Saturday, October 04, 2008

Evercoat for Curved Ankles, Left Horseshoe

Today I finally returned to working on droid #2.

First, it was time to fix up the curved ankle pieces that I somewhat butchered when I was trimming them with the router. I applied Evercoat glazing putty wherever the surface was messed up.

I also applied Evercoat to the edge of the left horseshoe, and later, to the front of the horseshoe, where the four dowels are visible.

Several pieces of sand paper later, the curved ankles were done.

I sanded down the straight edges of the horseshoe, before going after the curved part. I should have masked the dowels to avoid getting Evercoat on them, but it came off pretty easily. Still, lesson learned for the right horseshoe.

Done with these for now. Some primer and paint, and they should be looking good!
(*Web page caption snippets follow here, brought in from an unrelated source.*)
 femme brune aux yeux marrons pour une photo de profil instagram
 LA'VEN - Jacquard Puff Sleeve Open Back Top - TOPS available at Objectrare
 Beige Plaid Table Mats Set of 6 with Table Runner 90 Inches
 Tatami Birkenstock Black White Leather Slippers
Tomorrow I hope to get to the right horseshoe, and maybe start on the sides of the legs.


DarthMoose74 said...

I wouldn't mind seeing some more pictures of how and what you sanded the horseshoes with. Especially the curved area as to not get any flat spots or beveled angles. :)
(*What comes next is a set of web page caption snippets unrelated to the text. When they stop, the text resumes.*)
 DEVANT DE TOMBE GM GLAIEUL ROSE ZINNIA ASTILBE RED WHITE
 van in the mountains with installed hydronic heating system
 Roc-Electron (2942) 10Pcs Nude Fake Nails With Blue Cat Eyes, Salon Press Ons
Also on your dowels do you sand then flush or do u leave a slight build up with a tappered edge?

You probably had it in another post but where did you get your evercoat and which type are you using?

Matthew H said...

A tip on the dowel holes is to bevel the endge of the hole before you apply bondo. The goal is to elliminate the sharp edge. Also, it is real important to fether that area when you do your final primer otherwise you will see the dowel hole no matter what.

Victor Franco said...

Hi Moose,

I start with 100 grit sand paper to take the high spots down, followed by 220 grit, and finish with 400 grit. I always sand with the sand paper wrapped around a flat stick, to be sure I don't put any curves on the corners. I learned that lesson the hard way on droid #1, when I used a rubber sanding block on some areas.
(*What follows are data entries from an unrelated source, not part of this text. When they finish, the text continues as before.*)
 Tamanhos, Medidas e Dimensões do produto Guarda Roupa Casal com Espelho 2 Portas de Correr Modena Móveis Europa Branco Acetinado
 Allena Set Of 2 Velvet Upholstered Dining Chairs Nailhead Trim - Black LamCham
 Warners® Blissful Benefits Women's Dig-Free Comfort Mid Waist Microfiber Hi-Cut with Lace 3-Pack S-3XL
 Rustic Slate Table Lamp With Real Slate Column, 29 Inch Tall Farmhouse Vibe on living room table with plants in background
For the curve at the top of the horseshoe and legs, you are right, it requires care to avoid sanding a flat spot into the curve. I try to get an even curve by keeping an eye on how much Evercoat is left. Usually one area of MDF is higher than the others, so if I start to see through the Evercoat along that area of the curve, I know to stop in that area and move further on down the curve until it looks the same. Not sure if that made much sense...

Regarding the dowels, Matthew replied in the comment area too, but my plan was to blob some Evercoat over each dowel and sand everything as flat as possible, and see what happens. Based on what Matthew wrote in his comment, I'm not sure this will work well. If not, I will have to make sure I understand what he recommended and probably give it a try.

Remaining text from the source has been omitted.